EXERCISE BRIEF.
Beginning with the line that holds "A collection of" in the data below, give again every line through the one that holds "1/22 Масштаб Wrangler, литая", exactly as written.

[Caption-style text data]
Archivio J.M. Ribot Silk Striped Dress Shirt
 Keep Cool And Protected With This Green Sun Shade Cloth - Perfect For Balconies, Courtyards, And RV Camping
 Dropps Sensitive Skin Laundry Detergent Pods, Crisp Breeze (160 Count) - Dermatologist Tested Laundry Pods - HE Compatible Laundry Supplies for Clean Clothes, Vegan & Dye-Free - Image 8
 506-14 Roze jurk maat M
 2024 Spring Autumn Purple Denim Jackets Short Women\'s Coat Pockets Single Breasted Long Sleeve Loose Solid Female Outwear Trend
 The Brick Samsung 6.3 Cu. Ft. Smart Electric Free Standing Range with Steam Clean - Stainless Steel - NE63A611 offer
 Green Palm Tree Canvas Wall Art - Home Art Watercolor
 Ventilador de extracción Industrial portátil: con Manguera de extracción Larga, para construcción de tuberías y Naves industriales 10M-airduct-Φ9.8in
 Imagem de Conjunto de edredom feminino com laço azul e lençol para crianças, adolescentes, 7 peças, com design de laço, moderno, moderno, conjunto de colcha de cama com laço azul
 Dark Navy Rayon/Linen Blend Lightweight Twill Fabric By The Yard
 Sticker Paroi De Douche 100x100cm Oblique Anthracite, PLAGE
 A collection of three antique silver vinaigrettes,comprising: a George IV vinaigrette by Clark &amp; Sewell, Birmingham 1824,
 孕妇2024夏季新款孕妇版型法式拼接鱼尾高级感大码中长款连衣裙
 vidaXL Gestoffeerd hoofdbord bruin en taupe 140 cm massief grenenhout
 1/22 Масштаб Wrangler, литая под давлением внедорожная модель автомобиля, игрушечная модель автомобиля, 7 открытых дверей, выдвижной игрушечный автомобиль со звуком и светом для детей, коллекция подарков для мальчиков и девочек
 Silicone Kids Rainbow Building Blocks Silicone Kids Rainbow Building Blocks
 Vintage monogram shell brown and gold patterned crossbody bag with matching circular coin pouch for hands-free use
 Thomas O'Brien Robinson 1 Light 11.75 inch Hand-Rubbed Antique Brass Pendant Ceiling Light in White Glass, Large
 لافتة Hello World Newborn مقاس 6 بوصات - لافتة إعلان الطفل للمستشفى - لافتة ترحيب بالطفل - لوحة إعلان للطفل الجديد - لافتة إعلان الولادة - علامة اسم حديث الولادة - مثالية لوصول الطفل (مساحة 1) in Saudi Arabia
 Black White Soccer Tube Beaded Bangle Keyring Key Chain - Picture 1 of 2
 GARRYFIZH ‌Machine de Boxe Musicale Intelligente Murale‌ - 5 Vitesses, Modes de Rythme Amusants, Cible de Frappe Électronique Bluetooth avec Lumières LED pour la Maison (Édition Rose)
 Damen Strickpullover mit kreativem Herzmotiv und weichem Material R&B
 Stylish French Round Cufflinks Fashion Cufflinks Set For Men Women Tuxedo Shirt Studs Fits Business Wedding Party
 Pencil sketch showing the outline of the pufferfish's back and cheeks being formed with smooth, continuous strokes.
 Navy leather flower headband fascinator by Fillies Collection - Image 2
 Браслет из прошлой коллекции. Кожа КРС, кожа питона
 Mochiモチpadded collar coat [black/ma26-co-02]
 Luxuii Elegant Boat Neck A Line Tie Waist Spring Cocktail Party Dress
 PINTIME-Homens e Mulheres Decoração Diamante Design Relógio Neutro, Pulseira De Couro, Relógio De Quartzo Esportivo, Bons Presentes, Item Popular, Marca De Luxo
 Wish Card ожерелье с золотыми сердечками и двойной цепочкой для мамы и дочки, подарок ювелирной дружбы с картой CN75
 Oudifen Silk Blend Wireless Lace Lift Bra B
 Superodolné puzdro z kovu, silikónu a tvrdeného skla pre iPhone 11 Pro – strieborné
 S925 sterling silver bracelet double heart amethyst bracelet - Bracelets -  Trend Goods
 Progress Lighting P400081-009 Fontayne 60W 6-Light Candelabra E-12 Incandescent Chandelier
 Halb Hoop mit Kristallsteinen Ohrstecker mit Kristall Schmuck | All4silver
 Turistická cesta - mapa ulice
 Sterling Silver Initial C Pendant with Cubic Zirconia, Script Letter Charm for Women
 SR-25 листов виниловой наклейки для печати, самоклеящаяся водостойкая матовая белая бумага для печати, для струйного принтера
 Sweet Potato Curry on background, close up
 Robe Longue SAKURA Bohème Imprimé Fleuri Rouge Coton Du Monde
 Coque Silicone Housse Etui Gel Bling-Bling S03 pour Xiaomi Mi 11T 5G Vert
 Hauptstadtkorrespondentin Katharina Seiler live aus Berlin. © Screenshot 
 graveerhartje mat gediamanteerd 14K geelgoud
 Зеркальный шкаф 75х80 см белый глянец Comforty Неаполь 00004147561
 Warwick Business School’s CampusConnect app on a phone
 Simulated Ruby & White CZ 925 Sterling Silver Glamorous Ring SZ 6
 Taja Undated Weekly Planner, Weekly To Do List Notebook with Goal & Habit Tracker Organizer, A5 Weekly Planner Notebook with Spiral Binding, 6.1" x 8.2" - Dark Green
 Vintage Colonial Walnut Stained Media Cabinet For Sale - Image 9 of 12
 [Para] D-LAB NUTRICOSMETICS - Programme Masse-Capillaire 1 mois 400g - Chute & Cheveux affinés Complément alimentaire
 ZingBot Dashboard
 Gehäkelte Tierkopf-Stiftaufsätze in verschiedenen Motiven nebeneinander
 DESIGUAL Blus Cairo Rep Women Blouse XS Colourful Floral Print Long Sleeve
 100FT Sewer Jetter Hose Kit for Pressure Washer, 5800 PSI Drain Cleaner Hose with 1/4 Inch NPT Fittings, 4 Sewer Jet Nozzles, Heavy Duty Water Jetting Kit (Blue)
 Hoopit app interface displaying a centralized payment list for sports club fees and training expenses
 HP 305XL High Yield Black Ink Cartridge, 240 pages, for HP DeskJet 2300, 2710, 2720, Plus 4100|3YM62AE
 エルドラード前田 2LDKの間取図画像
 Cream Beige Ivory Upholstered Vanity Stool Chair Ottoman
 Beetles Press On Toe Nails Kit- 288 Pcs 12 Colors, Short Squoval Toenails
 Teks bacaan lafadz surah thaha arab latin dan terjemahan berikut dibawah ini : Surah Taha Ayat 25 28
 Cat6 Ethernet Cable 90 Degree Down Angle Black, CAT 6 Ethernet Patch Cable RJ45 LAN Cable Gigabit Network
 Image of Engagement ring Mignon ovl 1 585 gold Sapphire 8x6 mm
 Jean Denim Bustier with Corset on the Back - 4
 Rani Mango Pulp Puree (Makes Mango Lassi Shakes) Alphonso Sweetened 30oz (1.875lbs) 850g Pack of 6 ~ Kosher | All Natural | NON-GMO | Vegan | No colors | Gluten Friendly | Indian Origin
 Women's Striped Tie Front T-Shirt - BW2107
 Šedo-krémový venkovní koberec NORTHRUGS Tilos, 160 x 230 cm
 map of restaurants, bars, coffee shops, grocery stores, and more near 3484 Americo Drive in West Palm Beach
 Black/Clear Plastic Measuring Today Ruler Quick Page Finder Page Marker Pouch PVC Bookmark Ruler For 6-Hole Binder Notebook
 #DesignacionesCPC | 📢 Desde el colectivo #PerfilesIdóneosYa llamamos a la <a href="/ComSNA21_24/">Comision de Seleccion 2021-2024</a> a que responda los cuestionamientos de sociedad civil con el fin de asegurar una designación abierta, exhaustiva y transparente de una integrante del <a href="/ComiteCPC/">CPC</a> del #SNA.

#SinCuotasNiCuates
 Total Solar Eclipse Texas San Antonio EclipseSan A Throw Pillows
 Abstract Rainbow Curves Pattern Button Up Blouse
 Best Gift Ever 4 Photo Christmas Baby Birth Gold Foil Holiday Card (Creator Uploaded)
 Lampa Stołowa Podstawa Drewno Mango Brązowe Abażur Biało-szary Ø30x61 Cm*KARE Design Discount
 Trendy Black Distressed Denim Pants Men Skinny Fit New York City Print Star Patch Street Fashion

WRITTEN ANSWER.
 A collection of three antique silver vinaigrettes,comprising: a George IV vinaigrette by Clark &amp; Sewell, Birmingham 1824,
 孕妇2024夏季新款孕妇版型法式拼接鱼尾高级感大码中长款连衣裙
 vidaXL Gestoffeerd hoofdbord bruin en taupe 140 cm massief grenenhout
 1/22 Масштаб Wrangler, литая под давлением внедорожная модель автомобиля, игрушечная модель автомобиля, 7 открытых дверей, выдвижной игрушечный автомобиль со звуком и светом для детей, коллекция подарков для мальчиков и девочек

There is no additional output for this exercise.